Monday evening, when most people in America were either celebrating the truest Hallmark holiday of them all, or cursing it to high heaven, the Savannah State Tigers were busy trying to avoid their appointment with destiny in their final regular-season game against Florida A&M. .
Fate was waiting to deal the inevitable spot in the NCAA Hall of Shame.
Savannah State, once the bearer of a model African-American university athletic program, just finished their season 0-28, becoming only the second team in the last 50 years of Division I athletics to finish their season without a single victory (Prairie View A&M, back in 1991, was the other team).
Aside from the heartache that the players and coaches on the squad are feeling, not unlike that of the would-be Valentine's Day revelers who were missed by cupid's arrow, I have been at a loss lately thinking about the Tiger fans (the few but the proud) and the shocked mental state they have probably been put in as well.
They were put through dismal defeats by top programs like Iowa State, Florida State and Kansas State. Their best opponent, Memphis, trounced them by 60.

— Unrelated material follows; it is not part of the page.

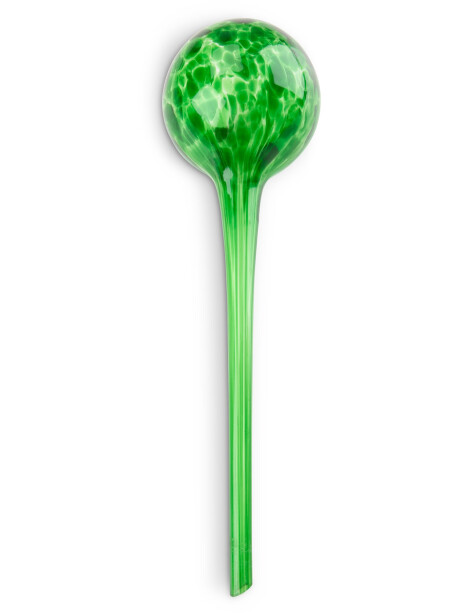 Dispositivo de riego RAVN Ø8x30 verde Dispositivo de riego RAVN Ø8x30 verde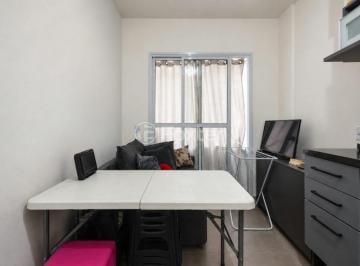 1023956_01sala_003.jpg · Apartamento, 1 dormitórios, 52 m², em Parada Inglesa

But then there are the games in which they were supposed to do well in.
Games against teams like Armstrong Atlantic State, who beat them by 16, Mercer, who blew them out by 32, and to Eastern Kentucky, who trounced them by 22. And then they lost to Georgia Southern. Twice. Finally, in their last game of the year, against Florida A&M, they had their best game.

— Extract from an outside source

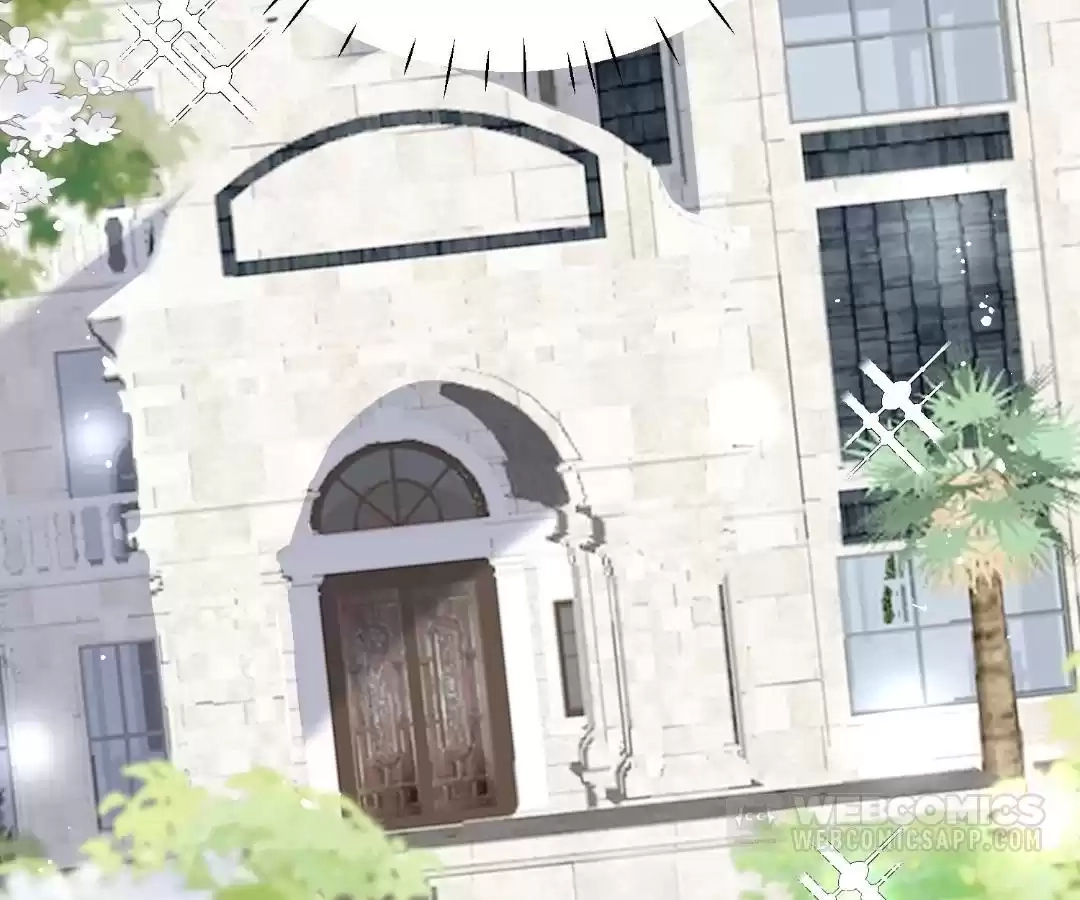 Love in Balance: Sacrifice for Revenge Chapter 75 - page 11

They were even within one point of a tie with 10 seconds left and the final shot. But that was as close as they would come.
One blocked shot and a long tearful team huddle later, the Tigers walked off their home court. Defeated and devastated, with no one but themselves who could even understand what they were going through.
I am not going to lie. When I first heard the sorry saga of Savannah State, they were only on their way to this dismal outcome.
It was three weeks ago and the Tigers were 0-24, with four more games to go to set their record "right."
Their plans to avoid being a footnote in history, however, were unavoidable; and it looks to be less of a fluke and more of a trend. They have won a grand total of three games in the past three seasons.
They are the doormat of Division I and they might always be; they have been ranked as the worst team in D-1 by espn.com since the middle of the year.
Most opposing teams, and their fans, only recognize a victory over a team like Savannah State by its absence.
It is as expected as the Yankees winning a World Series and the Indians not.
Thus, there has rarely been an occasion to cheer if you are a Savannah State fan.
And it's not to say that things will always be this way, but as most any fan will tell you, the greatest thing about a victory is that it helps you deal with the losses that will inevitably come.
So the question is this: What are the Tiger fans supposed to fall back on this off-season?
Their solace might be found in, of all places, the classic Melville novel: Moby Dick.
In Moby Dick Ahab, the whale ship Pequod's captain, says that the secret to enjoying time on a whale ship is to just assume from the beginning that you won't survive the journey.
Every subsequent experience, every moment you don't die, is just gravy. It is a fatalist way of looking at things, but at the same time, while there certainly has never been a team who surpasses an "oh-fer" season, like Savannah State's, we can be sure that there is nowhere to go but up. They have been to the depths of collegiate basketball and lived to tell the tale.
As the Brooklyn Dodgers used to "wait 'til next year" so, too, will the Savannah State Tigers.
The beginning of next season, and the promise of an unblemished record, is only a few short months away.
The returning Tigers players most certainly can't wait to put this stretch of their lives behind them, and work even harder at besting this past season's record, if only by a game.
But what about the fans? Winning never causes a fan to question their pursuit of being a fan. Losing does.